Anyone retro'd/regreased with low temp grease with success? How complex is the dis/reassembly?

Any issues with the drivetrain,or drum brake in wet-freezing conditions? Cabling and cable pulleys freezing?

Can the hub fit 135 mountain spaced frame? Do you have to use the drum assembly to get the spacing!

What chainline measurements can you expect? with the flp/flp cogs??
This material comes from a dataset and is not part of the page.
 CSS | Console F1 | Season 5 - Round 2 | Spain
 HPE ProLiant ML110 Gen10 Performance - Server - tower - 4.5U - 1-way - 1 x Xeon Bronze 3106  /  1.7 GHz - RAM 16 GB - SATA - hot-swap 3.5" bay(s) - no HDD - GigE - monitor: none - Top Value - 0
Can you use other 8spd shifters?



ML


----------



## dobber (Jul 15, 2004)

qayaq_alaska said:


> ?What performance have you observed w/ Nexus 8 internal in really cold climes...does the Shimano grease go to sludge below zero and how does that affect the shifting?
> 
> Anyone retro'd/regreased with low temp grease with success? How complex is the dis/reassembly?
> 
> ...


-The nominal hub spacing is 132.5 so it will work with 130/135 spaced frames.
-The chainline is 42 / 47 (flip-flop)
-The only shifter is the Nexus 8 Twist Shifter

I'm reworking my winter fixed 1x1 into a summertime urban crawler with Nexus 8, drop bars and Schwalbe Super Moto (26 x 2.35) tires.

You can get a lot of info from Sheldons http://www.google.com/custom?q=nexu...;sheldonbrown.net&sitesearch=sheldonbrown.com

Service manual
http://www.sheldonbrown.com/nexus8/

I suspect trying to regrease it would be an adventure.


----------



## itsdoable (Jan 6, 2004)

I ran a 7-speed nexus for 1/2 a winter before it died (cracked half-shaft), but the grease ran fine.

Currently have a red-band 8-speed Nexus - not running it myself, it got installed on my in-law's bike. It gets used to ~-5C with no problems. But I'm waiting to see if I can get another one for my own testing. Shifting is fine so far.

Roller brake works fine in the cold, cable freezing issues are the same as any bike.

Hub comes spaced 132.5mm with or without roller brake (no change), I've re-spaced it out to 135 for an mtb frame.

Never measured the chain line, I used square taper BB's so it's always a gamble what you get. Cogs can be flipped to adjust chain line, I'm using the middle chain-ring position.

Must use the Nexus shifter, propriotary cable pull. But you have the choise of twist or trigger.

Cheers,

Tom


----------